Attack summary On EdDSA (Libgcrypt 1.7.5). A Normal execution of EdDSA signature without attack also incurs over 1500 AEXS.

Monitored pages Number of AEXs

Page fault attack 000E7000, 000E8000
000F0000, 000F1000
71,000

B-SPM attack 000EF000 (trigger page)
000E9000, 000F0000
33,000

T-SPM attack 000F0000 (trigger page)
000F1000 (trigger page)
1,300

T-SPM attacks.

To further reduce the AEX frequency, we monitor the 2 pages containing _gcry_mpi_ec_mul_point and _gcry_mpi_ec_dup_point/_gcry_mpi_ec_add_points respectively and utilize the time between the visits to both pages to find out the value of the current key bit. Specifically, once both of them are found to be accessed, our attack process starts the timer (using rdtsc) but waits for 2000 nanoseconds to ensure that the execution of the target process leaves both pages, before shooting down the TLB and resetting the accessed flags of both pages. The timer stops when both pages are observed again. In this way, only about 2 interrupts are needed for collecting information for each key bit. The recorded timings turn out to be differentiating enough to determine whether_gcry_mpi_ec_dup_point or _gcry_mpi_ec_add_points has been executed, around 19,700 cpu cycles for the former and 27,900 cpu cycles for the latter. After all the call traces are gathered, we can figure out that the current key bit is 1 when _gcry_mpi_ec_add_points is observed right after _gcry_mpi_ec_dup_point, and 0 if only _gcry_mpi_ec_dup_point is seen. In total around 1,300 interrupts were triggered to correctly recover all the session key bits.

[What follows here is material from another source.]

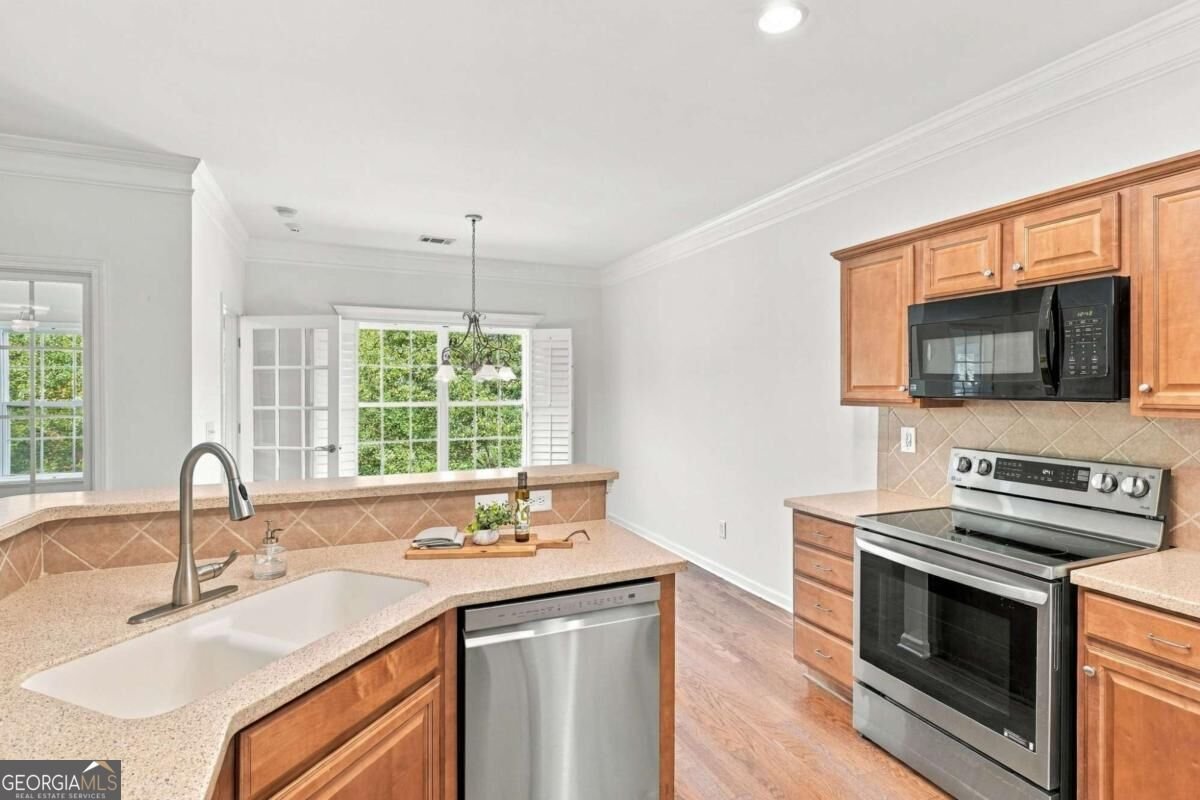129 Holiday Road Buford - Photo 11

In summary, we found that these three attacks all are able to recover the full EdDSA session key reliably. Page fault attack triggers a page fault for every page observation and produces about 71,000 AEXs. The B-SPM attack can observe the page visit set between two consecutive inspections. However it still needs to aggressively send IPIs to clear TLB entries to gain timely observation of the pages visited, which produces about 33,000 AEXs. T-SPM attack only issues a TLB shootdown for every invocation of _gcry_mpi_ec_dup_point or _gcry_mpi_ec_add_points and differentiates between the two functions using timing information. As such, it generates a minimum number of AEXs. We noticed that a normal execution of the EdDSA program also incurs at least 1,500 page faults. The OS attacker could reduce the number of AEXs caused by normal page faults and therefore make the T-SPM attack unobservable.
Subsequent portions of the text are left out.